Everyone is allowed to vote--BUT they're only allowed to use those votes for political decisions (They're not allowed to "take a vote" when it comes to basic human rights like life/liberty/property, since those things are sacrosanct. Instead, voting is restricted to political decisions only.)



"You shall not go after the majority to do evil.
Neither shall you testify in a matter of strife
to incline after the majority to pervert justice."
Exodus 23:2

"Do not pervert justice;
do not show partiality to the poor
or favoritism to the strong,
but judge your neighbor fairly."
Leviticus 19:15

"Hate evil, and love good,
and establish justice in the courts."
Amos 5:15

"Justice, and only justice, you shall follow, that you may live and
inherit the land that the Lord your God is giving you."
Deuteronomy 16:20



http://bastiat.org/en/the_law.html#SECTION_G002

Life Is a Gift from God

We hold from God the gift which includes all others. This gift is life — physical, intellectual, and moral life.

But life cannot maintain itself alone. The Creator of life has entrusted us with the responsibility of preserving, developing, and perfecting it. In order that we may accomplish this, He has provided us with a collection of marvelous faculties. And He has put us in the midst of a variety of natural resources. By the application of our faculties to these natural resources we convert them into products, and use them. This process is necessary in order that life may run its appointed course.

Life, faculties, production — in other words, individuality, liberty, property — this is man. And in spite of the cunning of artful political leaders, these three gifts from God precede all human legislation, and are superior to it.

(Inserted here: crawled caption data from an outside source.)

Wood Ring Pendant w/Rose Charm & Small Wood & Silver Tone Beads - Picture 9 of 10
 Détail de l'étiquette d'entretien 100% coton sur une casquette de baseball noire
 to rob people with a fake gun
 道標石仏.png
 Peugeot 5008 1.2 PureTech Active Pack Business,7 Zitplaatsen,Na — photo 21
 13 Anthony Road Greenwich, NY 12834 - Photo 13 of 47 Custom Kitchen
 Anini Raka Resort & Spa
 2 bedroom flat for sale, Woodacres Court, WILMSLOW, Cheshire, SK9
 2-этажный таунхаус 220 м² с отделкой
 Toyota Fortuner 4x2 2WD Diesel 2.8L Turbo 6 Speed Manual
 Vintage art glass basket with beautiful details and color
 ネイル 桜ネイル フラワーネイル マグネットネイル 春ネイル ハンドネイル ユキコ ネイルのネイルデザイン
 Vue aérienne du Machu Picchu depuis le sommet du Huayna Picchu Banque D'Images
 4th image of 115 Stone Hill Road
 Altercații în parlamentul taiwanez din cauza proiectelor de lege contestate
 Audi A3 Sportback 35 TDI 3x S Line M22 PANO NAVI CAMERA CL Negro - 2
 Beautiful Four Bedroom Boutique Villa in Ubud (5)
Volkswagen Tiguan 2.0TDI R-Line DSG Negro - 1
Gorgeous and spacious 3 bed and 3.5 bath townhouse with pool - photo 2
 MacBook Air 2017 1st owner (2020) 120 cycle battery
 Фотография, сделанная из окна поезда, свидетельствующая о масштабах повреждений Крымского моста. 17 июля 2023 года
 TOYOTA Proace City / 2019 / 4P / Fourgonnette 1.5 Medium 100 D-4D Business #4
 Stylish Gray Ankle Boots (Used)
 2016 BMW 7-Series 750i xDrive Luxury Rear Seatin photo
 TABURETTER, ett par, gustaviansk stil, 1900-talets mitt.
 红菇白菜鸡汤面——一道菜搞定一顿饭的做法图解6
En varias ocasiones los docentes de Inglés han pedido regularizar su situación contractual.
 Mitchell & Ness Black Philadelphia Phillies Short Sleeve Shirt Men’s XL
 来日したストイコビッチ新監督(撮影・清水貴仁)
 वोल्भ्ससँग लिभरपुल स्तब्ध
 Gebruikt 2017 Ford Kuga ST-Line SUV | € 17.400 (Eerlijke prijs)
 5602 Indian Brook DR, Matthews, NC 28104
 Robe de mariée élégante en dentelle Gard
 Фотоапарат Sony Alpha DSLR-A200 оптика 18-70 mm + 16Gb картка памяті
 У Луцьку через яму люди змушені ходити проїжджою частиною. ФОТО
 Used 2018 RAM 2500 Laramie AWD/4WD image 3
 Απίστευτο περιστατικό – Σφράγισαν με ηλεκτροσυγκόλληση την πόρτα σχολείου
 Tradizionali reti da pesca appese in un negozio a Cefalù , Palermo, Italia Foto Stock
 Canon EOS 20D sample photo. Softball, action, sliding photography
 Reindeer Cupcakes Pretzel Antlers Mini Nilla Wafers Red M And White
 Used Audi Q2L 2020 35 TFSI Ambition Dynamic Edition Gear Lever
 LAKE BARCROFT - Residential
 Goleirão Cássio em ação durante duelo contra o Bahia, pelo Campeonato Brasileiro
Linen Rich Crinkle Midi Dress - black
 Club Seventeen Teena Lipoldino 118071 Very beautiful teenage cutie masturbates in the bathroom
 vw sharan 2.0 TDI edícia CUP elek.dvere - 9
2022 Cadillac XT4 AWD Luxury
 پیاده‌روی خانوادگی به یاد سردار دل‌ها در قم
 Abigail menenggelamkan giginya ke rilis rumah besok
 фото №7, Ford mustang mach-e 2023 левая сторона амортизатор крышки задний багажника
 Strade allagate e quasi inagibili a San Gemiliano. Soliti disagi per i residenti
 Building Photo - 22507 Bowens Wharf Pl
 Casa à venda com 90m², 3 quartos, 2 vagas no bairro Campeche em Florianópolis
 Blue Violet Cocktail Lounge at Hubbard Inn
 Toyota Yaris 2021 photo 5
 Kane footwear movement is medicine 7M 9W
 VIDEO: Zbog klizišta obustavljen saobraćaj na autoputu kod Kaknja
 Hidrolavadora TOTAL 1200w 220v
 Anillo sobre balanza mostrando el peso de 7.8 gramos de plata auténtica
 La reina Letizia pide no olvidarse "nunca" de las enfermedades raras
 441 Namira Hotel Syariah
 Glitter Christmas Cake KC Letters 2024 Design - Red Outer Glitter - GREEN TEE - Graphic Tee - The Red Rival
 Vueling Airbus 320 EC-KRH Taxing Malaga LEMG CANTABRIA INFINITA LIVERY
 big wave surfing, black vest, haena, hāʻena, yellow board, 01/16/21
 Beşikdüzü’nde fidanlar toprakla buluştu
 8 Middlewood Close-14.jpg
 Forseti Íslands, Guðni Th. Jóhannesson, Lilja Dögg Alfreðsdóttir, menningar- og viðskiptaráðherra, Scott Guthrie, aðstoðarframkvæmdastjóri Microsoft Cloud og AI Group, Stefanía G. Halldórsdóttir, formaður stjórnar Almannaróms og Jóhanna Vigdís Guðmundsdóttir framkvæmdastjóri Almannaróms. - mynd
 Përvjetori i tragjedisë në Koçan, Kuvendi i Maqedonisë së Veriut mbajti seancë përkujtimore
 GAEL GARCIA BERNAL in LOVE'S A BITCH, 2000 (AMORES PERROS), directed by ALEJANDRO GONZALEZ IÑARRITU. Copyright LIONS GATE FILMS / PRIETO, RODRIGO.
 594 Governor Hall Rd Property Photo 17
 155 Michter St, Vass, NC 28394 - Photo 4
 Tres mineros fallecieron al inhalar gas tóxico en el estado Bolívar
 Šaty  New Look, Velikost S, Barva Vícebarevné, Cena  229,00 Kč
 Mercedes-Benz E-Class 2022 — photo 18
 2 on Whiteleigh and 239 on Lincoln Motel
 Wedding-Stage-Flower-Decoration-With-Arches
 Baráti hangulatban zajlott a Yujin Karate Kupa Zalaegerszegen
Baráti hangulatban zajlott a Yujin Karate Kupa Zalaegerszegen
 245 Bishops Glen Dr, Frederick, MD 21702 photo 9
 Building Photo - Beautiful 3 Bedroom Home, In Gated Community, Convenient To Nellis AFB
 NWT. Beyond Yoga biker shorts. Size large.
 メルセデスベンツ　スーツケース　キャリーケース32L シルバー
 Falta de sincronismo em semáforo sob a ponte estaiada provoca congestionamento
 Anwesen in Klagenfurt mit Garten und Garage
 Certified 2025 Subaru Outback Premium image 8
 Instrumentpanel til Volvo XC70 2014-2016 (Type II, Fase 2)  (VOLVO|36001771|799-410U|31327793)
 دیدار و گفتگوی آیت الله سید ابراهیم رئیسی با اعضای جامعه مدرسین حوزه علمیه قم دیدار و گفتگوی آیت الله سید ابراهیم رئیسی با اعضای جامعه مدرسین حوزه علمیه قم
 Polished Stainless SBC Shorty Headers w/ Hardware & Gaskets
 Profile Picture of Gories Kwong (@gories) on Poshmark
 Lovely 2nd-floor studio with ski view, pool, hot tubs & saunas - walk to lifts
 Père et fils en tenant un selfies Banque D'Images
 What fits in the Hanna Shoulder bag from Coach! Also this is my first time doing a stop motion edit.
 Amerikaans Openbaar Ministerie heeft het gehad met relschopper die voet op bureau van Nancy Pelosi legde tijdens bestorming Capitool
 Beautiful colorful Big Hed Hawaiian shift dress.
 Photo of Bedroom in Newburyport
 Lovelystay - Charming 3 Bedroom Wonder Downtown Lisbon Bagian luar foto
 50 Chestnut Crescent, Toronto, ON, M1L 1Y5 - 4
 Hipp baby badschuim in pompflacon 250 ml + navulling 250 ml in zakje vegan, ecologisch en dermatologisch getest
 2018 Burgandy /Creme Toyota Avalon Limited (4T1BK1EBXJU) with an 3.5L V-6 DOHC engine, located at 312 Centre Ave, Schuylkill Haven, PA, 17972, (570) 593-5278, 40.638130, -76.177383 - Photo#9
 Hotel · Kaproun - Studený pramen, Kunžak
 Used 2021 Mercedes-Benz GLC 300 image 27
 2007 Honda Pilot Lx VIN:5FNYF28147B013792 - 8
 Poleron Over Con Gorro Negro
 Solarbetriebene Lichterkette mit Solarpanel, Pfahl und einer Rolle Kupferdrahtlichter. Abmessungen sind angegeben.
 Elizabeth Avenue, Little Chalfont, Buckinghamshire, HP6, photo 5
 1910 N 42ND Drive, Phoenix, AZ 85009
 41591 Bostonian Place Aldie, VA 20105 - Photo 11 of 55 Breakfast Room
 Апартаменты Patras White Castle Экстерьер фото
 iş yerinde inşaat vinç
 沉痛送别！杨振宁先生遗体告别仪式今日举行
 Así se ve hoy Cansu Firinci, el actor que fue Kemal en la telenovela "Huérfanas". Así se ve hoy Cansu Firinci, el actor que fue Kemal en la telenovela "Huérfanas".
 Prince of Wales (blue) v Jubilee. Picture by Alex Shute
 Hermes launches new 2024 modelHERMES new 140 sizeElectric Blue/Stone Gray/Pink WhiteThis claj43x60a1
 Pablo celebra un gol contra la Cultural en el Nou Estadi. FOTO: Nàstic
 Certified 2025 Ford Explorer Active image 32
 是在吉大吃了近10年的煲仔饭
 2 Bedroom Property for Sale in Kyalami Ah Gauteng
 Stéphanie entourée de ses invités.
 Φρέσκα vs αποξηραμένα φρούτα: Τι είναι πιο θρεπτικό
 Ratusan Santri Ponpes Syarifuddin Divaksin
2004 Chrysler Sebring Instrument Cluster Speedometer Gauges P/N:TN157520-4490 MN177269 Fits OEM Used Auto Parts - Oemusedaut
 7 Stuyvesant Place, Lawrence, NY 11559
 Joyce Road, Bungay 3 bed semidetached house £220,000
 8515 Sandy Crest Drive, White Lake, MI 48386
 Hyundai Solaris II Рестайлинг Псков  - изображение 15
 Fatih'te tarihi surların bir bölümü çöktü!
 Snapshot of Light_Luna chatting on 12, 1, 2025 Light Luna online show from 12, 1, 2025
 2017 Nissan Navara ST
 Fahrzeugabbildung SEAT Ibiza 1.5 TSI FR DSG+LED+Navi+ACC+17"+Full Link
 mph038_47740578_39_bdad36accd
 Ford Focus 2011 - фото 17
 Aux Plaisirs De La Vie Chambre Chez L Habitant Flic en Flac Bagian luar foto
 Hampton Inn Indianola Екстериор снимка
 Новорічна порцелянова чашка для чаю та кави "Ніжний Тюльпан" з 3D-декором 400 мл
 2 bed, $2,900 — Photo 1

Life, liberty, and property do not exist because men have made laws. On the contrary, it was the fact that life, liberty, and property existed beforehand that caused men to make laws in the first place.

What Is Law?

What, then, is law? It is the collective organization of the individual right to lawful defense.

Each of us has a natural right — from God — to defend his person, his liberty, and his property. These are the three basic requirements of life, and the preservation of any one of them is completely dependent upon the preservation of the other two. For what are our faculties but the extension of our individuality? And what is property but an extension of our faculties?

If every person has the right to defend even by force — his person, his liberty, and his property, then it follows that a group of men have the right to organize and support a common force to protect these rights constantly. Thus the principle of collective right — its reason for existing, its lawfulness — is based on individual right. And the common force that protects this collective right cannot logically have any other purpose or any other mission than that for which it acts as a substitute. Thus, since an individual cannot lawfully use force against the person, liberty, or property of another individual, then the common force — for the same reason — cannot lawfully be used to destroy the person, liberty, or property of individuals or groups.

Such a perversion of force would be, in both cases, contrary to our premise. Force has been given to us to defend our own individual rights. Who will dare to say that force has been given to us to destroy the equal rights of our brothers? Since no individual acting separately can lawfully use force to destroy the rights of others, does it not logically follow that the same principle also applies to the common force that is nothing more than the organized combination of the individual forces?

If this is true, then nothing can be more evident than this: The law is the organization of the natural right of lawful defense. It is the substitution of a common force for individual forces. And this common force is to do only what the individual forces have a natural and lawful right to do: to protect persons, liberties, and properties; to maintain the right of each, and to cause justice to reign over us all.